Full customs controls have come into force: has your business adapted?
Has your business adapted to the changes around the VAT treatment of goods arriving into the UK?
As of 1 January 2022, HMRC has again altered full customs controls following the initial 2021 changes.
Only 25% of small importers affected by the changes claim to be ready, so what are the changes? We cover everything you need to know.
What were the 2021 changes?
In 2021, HMRC introduced a new model for the VAT treatment of goods arriving into the UK to ensure UK businesses would not be disadvantaged by competition from VAT free imports.
The changes allowed UK businesses to delay import declarations for goods at the UK border as part of the Staged Customs Control Rules.
What are the 2022 changes?
As of 2022, businesses can no longer delay their import customs declarations.

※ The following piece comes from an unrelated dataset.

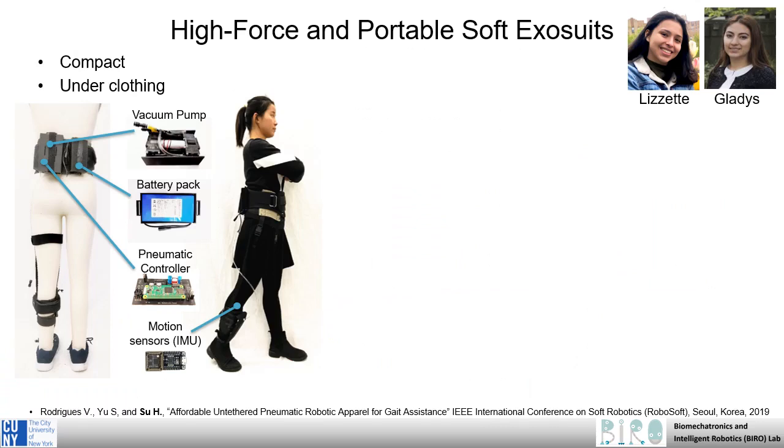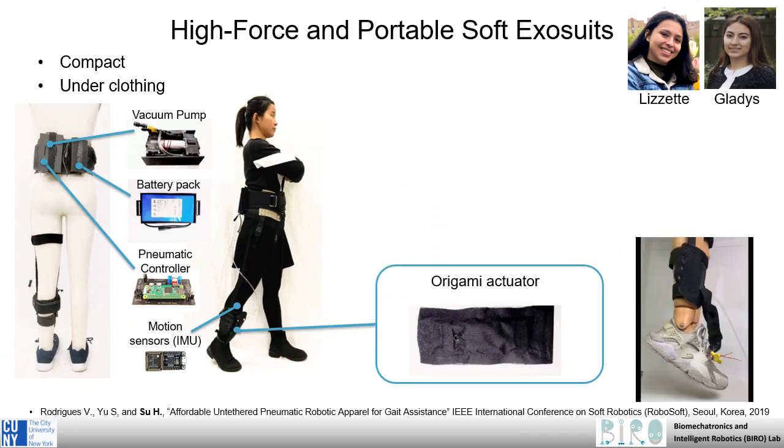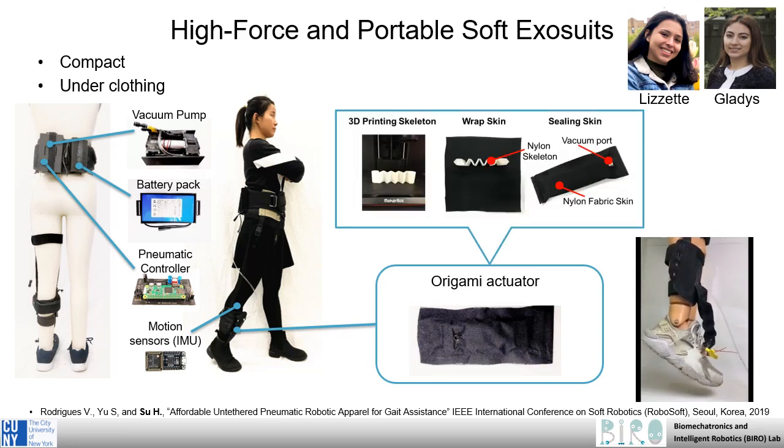This picture shows an embodiment to aid ankle dorsiflexion. A key contribution of our design is a vacuum-driven origami actuator that connects two braces placed on the user's shank and foot. It is made of a 3D printed skeleton wrapped by a nylon fabric and a seal.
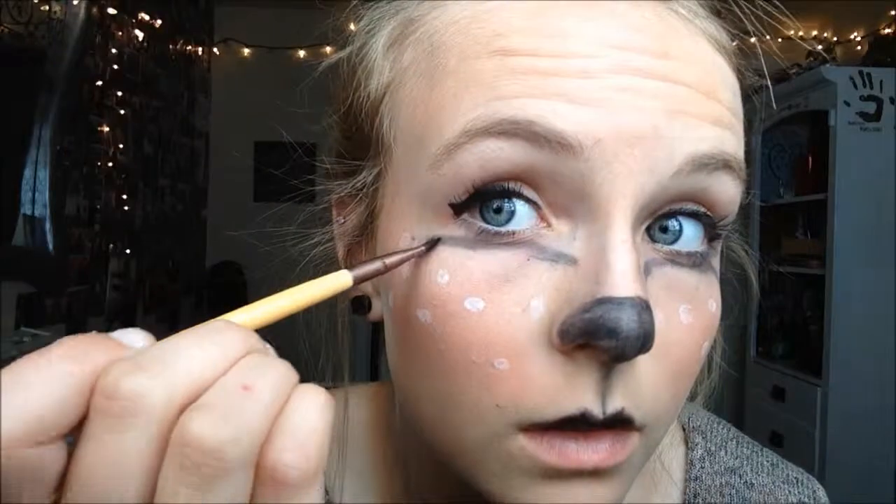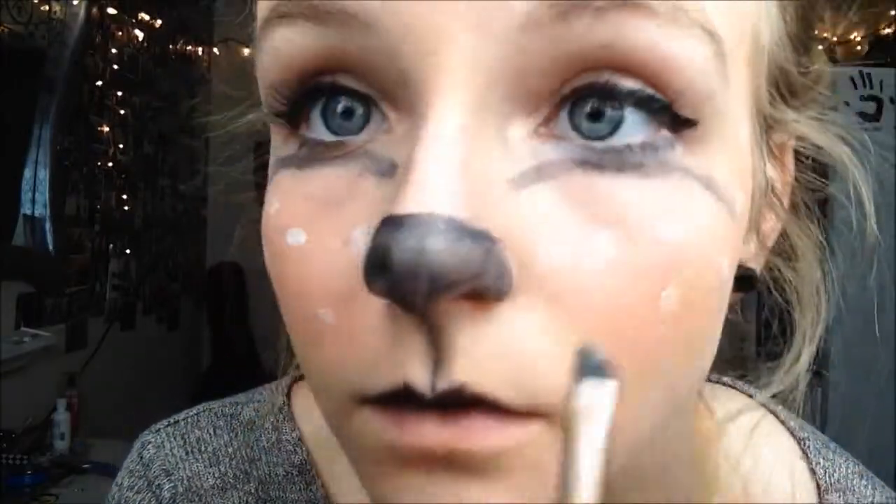I'm then using my favorite angled brush and doing a sort of arch-ish thing under my eyes with a black eyeshadow. Don't worry about it being neat yet because you are going to be blending most of it out with an eyeshadow brush. Then, taking a clean makeup brush, go under your eyes with a white sparkly eyeshadow.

Instead, declarations must be made and relevant tariffs paid at import.
Notices for food, drink and products of animal origin imports must also be given in advance.
Border controls - imports
Ports and other border locations are now required to control goods moving between the UK and EU.
For your goods to enter circulation, they must have a valid declaration which includes:
- Country code for the country of origin
- Country of despatch
- Customs clearance
Border controls - exports
You must now submit an ‘arrived export declaration’ for goods moving through a border location that uses the arrived exports process.
Failure to do so will result in your goods not receiving export clearance, subsequently meaning they won’t be permitted to leave the UK.
Rules of origin – imports and exports
To benefit from a reduced rate of Customs Duty under the Trade and Cooperation Agreement (TCA), known as a ‘tariff preference’, you must prove that:
- The goods you import to the UK originate in the EU
- The goods you export to the EU originate in the UK
UK and EU importers can claim tariff preference by providing proof of origin: see the Government guidance here.
Postponed VAT Accounting
Except for when HMRC have stated otherwise, VAT-registered importers can continue to use Postponed VAT Accounting (PVA) on all customs declarations that require them to account for import VAT, including supplementary declarations.